(Data for this task)

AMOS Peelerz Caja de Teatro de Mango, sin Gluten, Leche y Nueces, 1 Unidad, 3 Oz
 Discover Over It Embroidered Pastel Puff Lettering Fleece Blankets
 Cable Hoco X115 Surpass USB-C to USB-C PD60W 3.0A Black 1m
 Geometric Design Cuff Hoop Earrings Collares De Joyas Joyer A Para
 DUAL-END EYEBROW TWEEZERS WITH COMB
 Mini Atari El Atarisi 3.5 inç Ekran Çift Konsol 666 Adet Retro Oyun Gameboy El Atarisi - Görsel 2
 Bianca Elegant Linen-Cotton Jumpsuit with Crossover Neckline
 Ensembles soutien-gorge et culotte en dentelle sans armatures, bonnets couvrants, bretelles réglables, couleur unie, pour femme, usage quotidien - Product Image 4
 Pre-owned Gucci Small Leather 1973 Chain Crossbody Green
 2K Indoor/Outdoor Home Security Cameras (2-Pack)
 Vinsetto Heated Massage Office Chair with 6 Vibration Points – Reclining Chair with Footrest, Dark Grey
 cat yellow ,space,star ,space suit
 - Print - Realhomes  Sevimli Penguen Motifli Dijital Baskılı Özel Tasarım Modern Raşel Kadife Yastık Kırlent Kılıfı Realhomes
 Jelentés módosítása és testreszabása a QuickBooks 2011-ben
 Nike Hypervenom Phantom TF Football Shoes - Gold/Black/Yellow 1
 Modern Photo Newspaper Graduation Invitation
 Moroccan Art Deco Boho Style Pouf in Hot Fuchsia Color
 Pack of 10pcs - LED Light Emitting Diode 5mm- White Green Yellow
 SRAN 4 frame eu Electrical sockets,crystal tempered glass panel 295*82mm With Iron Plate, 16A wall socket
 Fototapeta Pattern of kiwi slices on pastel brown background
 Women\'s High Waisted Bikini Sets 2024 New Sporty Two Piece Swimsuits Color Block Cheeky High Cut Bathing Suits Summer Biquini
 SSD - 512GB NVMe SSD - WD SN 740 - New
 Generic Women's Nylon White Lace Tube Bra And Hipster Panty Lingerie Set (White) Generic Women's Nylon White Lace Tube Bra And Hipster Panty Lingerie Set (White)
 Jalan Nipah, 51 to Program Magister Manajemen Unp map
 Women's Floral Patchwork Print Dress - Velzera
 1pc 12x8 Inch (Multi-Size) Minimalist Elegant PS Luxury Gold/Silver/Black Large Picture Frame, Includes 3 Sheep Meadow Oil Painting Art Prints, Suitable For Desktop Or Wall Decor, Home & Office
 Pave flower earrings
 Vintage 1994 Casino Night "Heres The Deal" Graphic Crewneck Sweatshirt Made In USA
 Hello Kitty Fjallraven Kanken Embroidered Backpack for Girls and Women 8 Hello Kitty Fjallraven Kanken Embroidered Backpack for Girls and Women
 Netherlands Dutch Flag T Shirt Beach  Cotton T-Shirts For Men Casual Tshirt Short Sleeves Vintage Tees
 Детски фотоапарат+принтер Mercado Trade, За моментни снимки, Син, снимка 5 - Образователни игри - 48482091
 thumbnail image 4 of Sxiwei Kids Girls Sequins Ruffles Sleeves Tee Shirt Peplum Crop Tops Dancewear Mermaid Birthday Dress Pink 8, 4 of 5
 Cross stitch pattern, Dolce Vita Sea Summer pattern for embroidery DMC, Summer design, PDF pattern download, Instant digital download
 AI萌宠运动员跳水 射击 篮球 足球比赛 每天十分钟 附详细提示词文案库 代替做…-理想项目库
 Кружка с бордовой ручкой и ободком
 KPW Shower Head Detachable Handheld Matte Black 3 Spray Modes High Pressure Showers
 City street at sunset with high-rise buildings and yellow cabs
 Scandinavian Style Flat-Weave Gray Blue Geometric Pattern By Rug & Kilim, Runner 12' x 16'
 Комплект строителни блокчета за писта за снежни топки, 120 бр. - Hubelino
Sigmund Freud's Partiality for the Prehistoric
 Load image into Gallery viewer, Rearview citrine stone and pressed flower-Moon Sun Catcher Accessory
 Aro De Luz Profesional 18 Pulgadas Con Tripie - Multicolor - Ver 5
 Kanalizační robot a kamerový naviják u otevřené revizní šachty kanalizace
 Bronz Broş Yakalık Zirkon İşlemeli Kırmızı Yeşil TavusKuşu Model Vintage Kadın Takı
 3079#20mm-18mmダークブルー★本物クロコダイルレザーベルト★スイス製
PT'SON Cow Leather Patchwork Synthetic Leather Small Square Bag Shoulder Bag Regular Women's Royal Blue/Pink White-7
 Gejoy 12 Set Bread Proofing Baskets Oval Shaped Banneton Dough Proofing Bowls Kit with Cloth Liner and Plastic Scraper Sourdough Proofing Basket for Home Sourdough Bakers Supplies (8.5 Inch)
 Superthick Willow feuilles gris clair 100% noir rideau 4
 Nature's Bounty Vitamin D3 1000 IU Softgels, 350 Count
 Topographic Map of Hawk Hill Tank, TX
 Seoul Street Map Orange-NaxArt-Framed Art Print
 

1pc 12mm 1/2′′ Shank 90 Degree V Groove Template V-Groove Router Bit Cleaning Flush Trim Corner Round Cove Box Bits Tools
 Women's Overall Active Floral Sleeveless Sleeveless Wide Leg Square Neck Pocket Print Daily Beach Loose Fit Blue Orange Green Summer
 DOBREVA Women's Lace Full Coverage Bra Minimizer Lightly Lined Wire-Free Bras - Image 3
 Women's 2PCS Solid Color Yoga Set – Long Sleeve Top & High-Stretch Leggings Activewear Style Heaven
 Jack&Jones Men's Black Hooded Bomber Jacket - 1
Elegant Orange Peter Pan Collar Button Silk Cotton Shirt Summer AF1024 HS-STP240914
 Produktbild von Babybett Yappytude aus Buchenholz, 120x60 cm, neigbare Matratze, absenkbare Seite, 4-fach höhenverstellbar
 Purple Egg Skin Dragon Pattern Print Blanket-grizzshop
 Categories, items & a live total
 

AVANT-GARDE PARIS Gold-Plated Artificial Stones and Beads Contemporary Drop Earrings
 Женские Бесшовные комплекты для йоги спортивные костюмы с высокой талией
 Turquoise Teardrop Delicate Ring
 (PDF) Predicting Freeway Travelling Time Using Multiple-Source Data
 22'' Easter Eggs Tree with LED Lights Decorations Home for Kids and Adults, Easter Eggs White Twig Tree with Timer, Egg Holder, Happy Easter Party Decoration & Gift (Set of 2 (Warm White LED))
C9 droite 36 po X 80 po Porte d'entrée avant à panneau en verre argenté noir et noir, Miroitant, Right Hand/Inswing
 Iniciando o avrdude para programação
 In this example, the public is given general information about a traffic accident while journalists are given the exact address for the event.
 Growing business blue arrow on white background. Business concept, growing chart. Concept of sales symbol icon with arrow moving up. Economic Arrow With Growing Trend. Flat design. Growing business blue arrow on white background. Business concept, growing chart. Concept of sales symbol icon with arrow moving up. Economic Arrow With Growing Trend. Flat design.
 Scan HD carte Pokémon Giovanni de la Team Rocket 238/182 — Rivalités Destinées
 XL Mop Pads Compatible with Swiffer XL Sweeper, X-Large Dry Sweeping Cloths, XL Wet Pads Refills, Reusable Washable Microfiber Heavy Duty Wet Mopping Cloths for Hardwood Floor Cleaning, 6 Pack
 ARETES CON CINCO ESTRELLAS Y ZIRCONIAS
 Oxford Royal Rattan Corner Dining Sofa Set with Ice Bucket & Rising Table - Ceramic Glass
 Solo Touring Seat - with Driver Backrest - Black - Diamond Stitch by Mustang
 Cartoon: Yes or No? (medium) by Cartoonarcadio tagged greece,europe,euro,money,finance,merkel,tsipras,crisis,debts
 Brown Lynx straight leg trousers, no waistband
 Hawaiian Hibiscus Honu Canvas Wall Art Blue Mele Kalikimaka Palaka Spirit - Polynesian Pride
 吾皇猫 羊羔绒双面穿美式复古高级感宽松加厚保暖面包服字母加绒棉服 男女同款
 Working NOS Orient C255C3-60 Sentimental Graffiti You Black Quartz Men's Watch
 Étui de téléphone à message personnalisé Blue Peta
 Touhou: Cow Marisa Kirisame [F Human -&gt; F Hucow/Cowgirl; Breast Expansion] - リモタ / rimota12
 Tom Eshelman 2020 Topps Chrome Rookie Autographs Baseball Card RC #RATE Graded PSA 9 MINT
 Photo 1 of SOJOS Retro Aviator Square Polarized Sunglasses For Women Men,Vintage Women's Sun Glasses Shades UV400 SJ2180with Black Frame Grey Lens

(End Data for this task)

> [What is being asked] Copy every line above that holds the word "Lace".

> [Response for this exercise]
 Generic Women's Nylon White Lace Tube Bra And Hipster Panty Lingerie Set (White) Generic Women's Nylon White Lace Tube Bra And Hipster Panty Lingerie Set (White)
 DOBREVA Women's Lace Full Coverage Bra Minimizer Lightly Lined Wire-Free Bras - Image 3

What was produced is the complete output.